Carnival of the Animals: Drop the other one! I like this when it's not inflated to symphonic size. Nine players is all it takes, if I'm counting correctly. In my piano version, I've marked all the original themes I can identify in "Fossiles." Hm, I should work on "Hemiones" again. The finale is something I've gone back to a few times, but it's still too much too fast for me to play properly. I love to listen to it. The Paratore Brothers have a four-hand version that rocks just as much as the full version. More recently, Diz-nee used it as the basis for a hyperactive and poorly animated cartoon in which the sequential frames seem to bear no relation to one another, much as if they had shuffled a bunch of random drawings and photographed them.
Danse Macabre: Another chestnut. And why does Saint-Saens have so many? BECAUSE HE'S THAT GOOD. Horowitz played up a storm on this one. Gil Shaham has recorded it with piano accompaniment. The quiet spot near the end, just before the cock crows, has fooled several classical announcers into ending the recording prematurely.

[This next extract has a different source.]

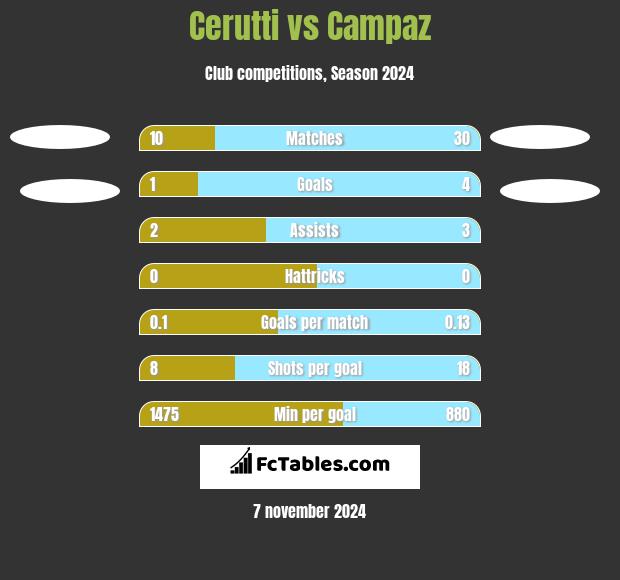 Cerutti vs Campaz h2h player stats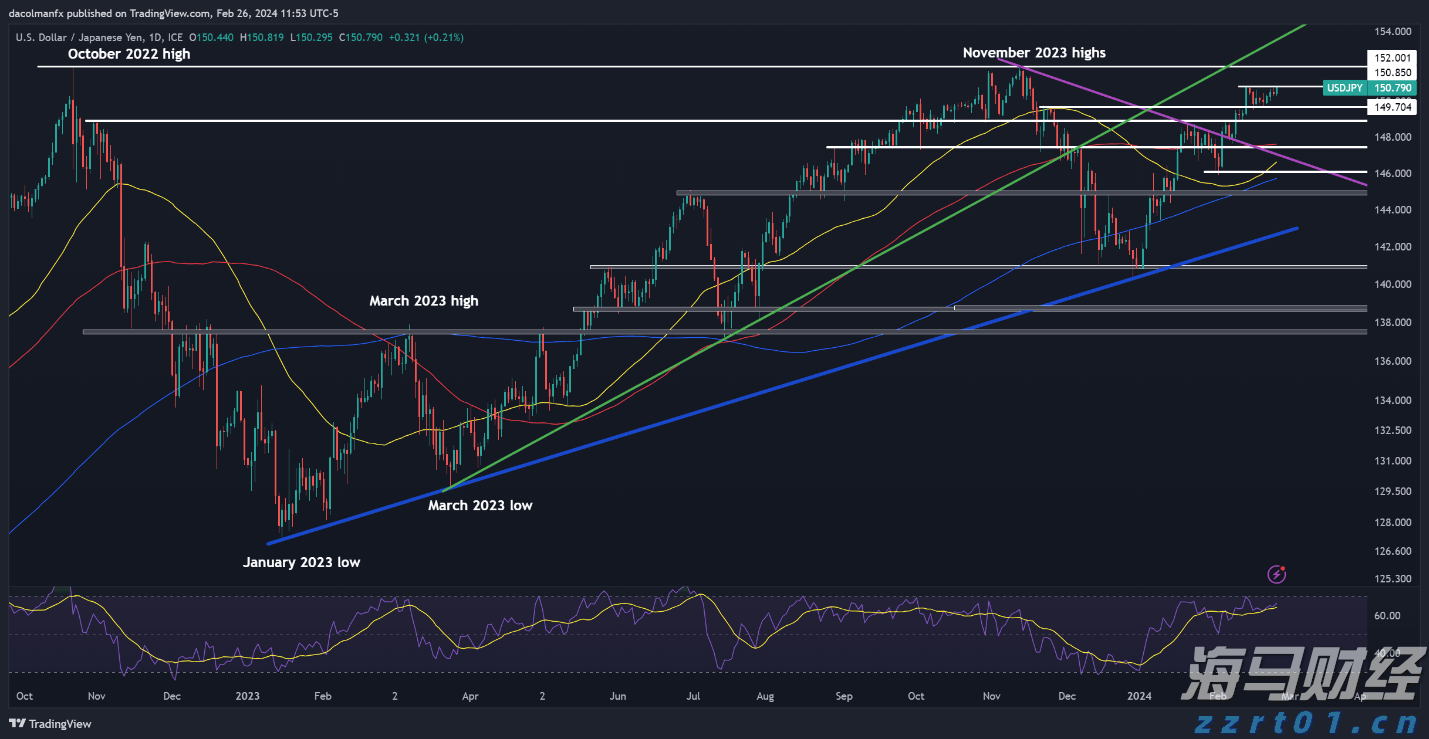 2亿元，全国排第7！安徽“国庆档”电影票房创新高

Introduction and Rondo Cappriccioso: Concentrated joy in musical form, just like Mendelssohn's piece of the same name. A delight in any arrangement. Bizet set it for piano and violin. My favorite is Debussy's version for two pianos, in which every wonderful note comes through with fresh clarity. (Speaking of Bizet, his "Children's Games" for piano duet are some of my all-time favorite 19th century French music. Speaking of French music, Franck was Belgian. Speaking of speaking of stuff from up above, searching for a book isn't much good if I can't remember the name, and all I remember about the two-piano collections is that they were probably edited by Albert Weir, and that doesn't get me anywhere.)
Piano Concerto #2: My favorite concerto of his, and probably a lot of other people's as well. It's the one they keep playing on the radio. The opening reminds me of Beethoven's Choral Fantasia for piano, orchestra and chorus, in that order -- starts off solo piano, orchestra joins, then the singers come in. Well, the concerto starts off with a similar sort of cadenza. Not identical, just similar. The Saltarella is lots of fun, too. I keep putting the other concertos on, but so far none of them have grabbed me like this one.

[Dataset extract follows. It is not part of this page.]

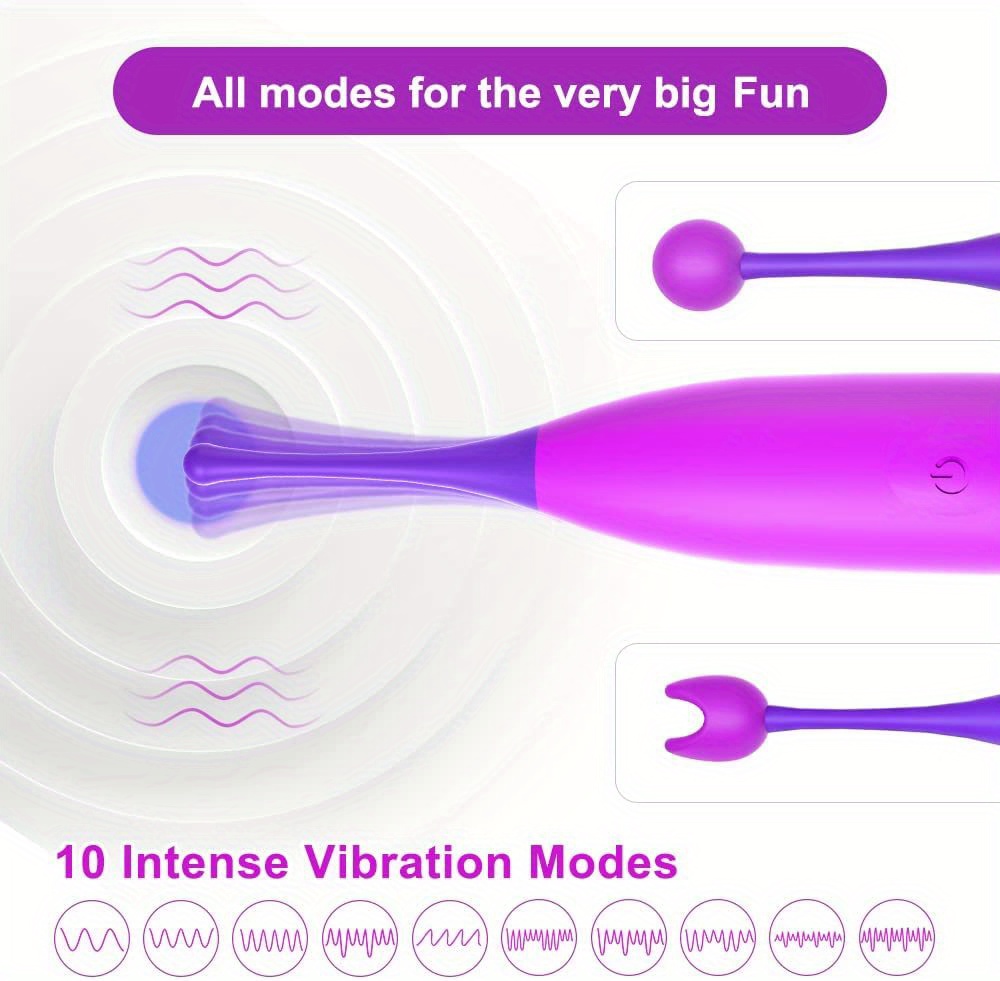 High-Frequency Clitoris Vibrator for Women, G Spot Stimulator Toy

Some Saint-Saens miscellany: Six piano pieces for left hand. The Dance of the Priestesses of Agon, from Samson & Delilah, which the composer recorded on a piano roll. To play it myself, I went and copied the relevant section out of the piano/vocal score and rigged an ending onto it instead of going right into Delilah's Song of Spring. I like his Mazurka for piano, which has some high-sounding opus number. Dad openly dislikes it, calling it one of SS's few potboilers, but I persist in liking it. It goes DEE dee, de DEE dee; DEE dee, de DEE d'dee d'dee de...
Did I mention that I'm tired? That I keep hitting two caps in a row and leaving the first letters off of words? G'night.